[DATASET RECORDS]
▼
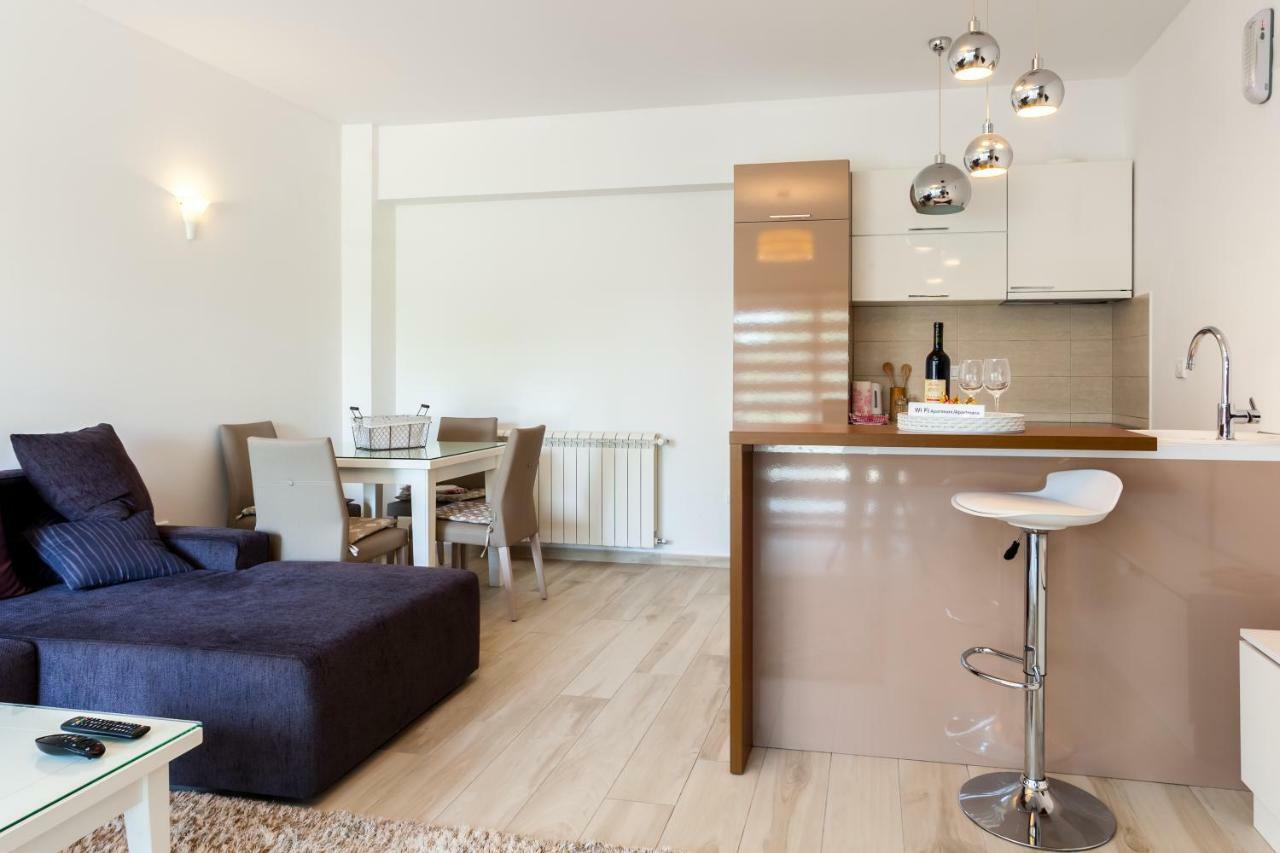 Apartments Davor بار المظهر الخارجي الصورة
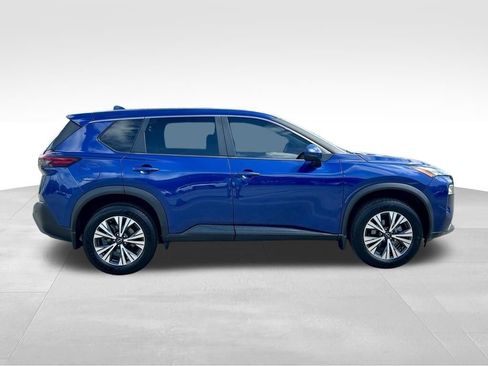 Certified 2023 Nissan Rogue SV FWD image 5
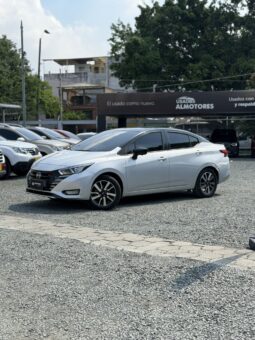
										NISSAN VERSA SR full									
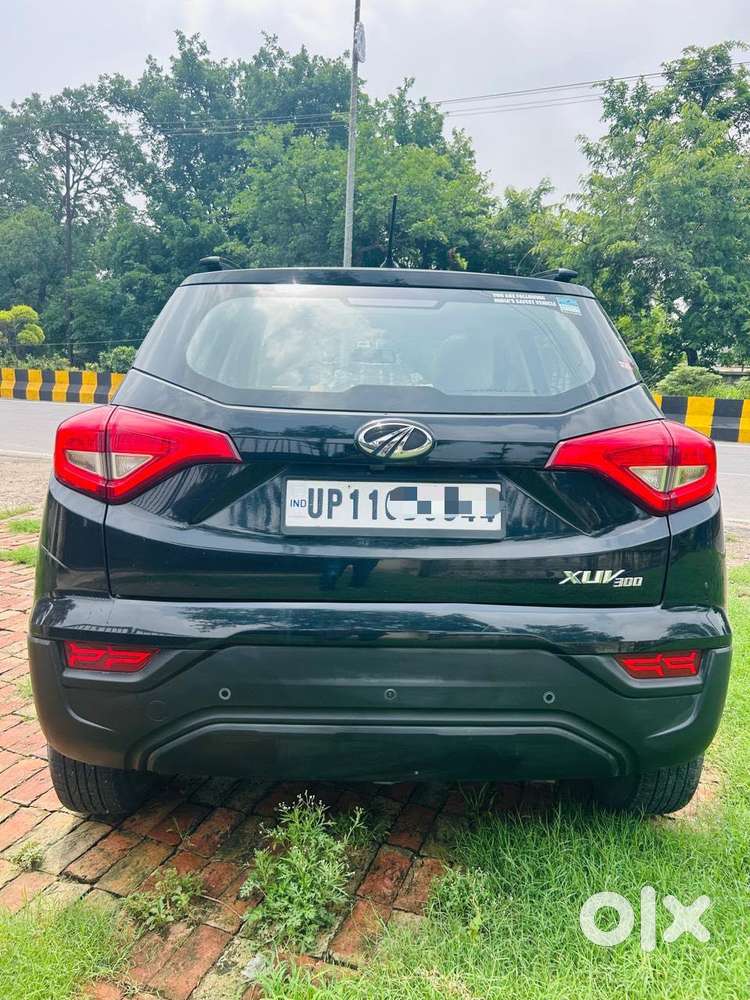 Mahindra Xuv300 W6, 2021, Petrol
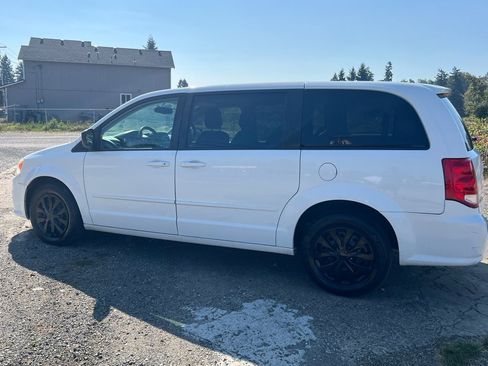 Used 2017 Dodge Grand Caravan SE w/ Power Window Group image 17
▲
▼
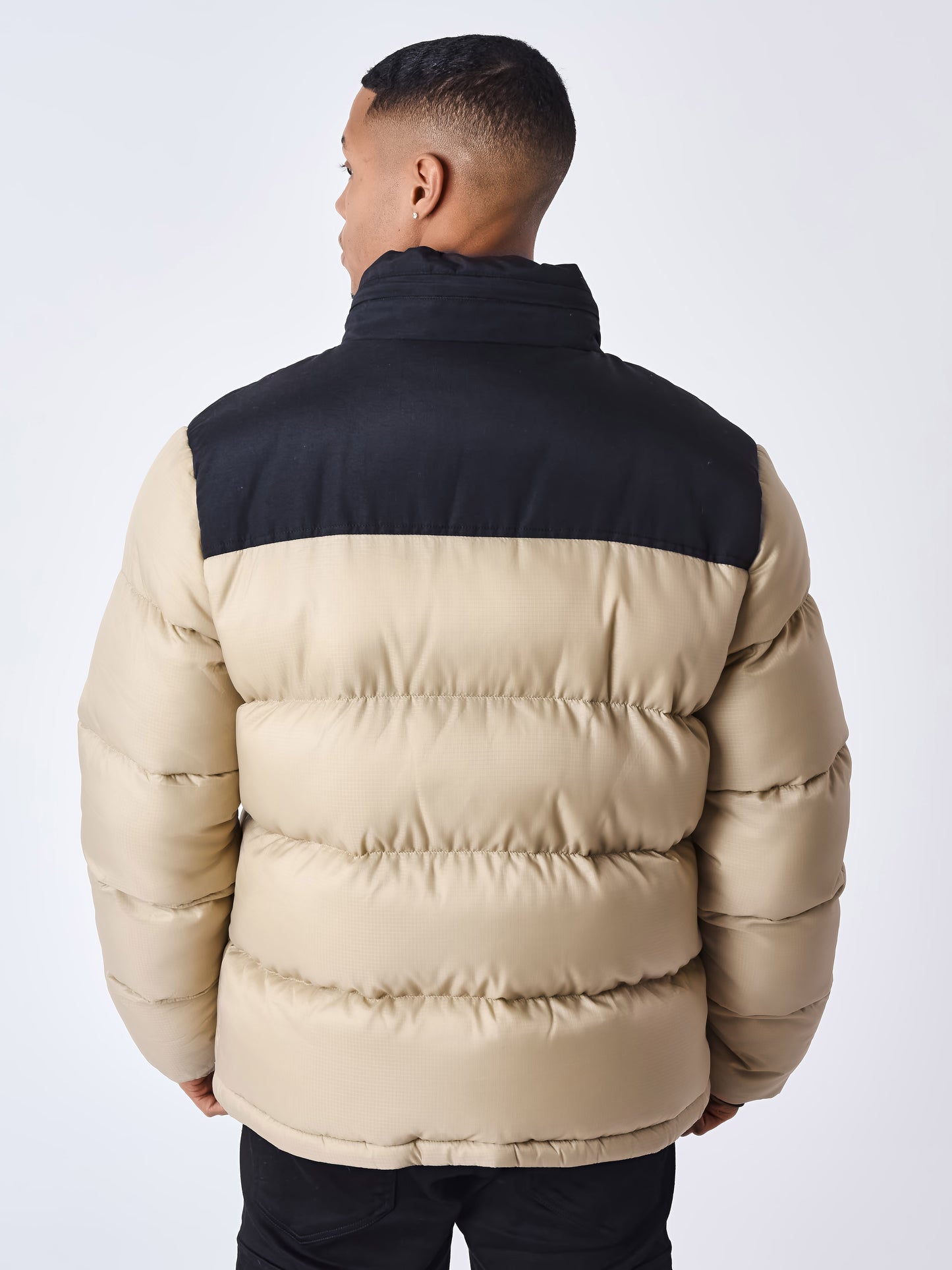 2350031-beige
▲
[WHAT TO DO] Retype the lines above exactly as they appear, from the line containing "Apartments Davor بار المظهر الخارجي الصورة" through the line containing "Used 2017 Dodge", and leave out any pictures.

[SOLUTION FOR THIS EXERCISE]
 Apartments Davor بار المظهر الخارجي الصورة
 Certified 2023 Nissan Rogue SV FWD image 5
										NISSAN VERSA SR full									
 Mahindra Xuv300 W6, 2021, Petrol
 Used 2017 Dodge Grand Caravan SE w/ Power Window Group image 17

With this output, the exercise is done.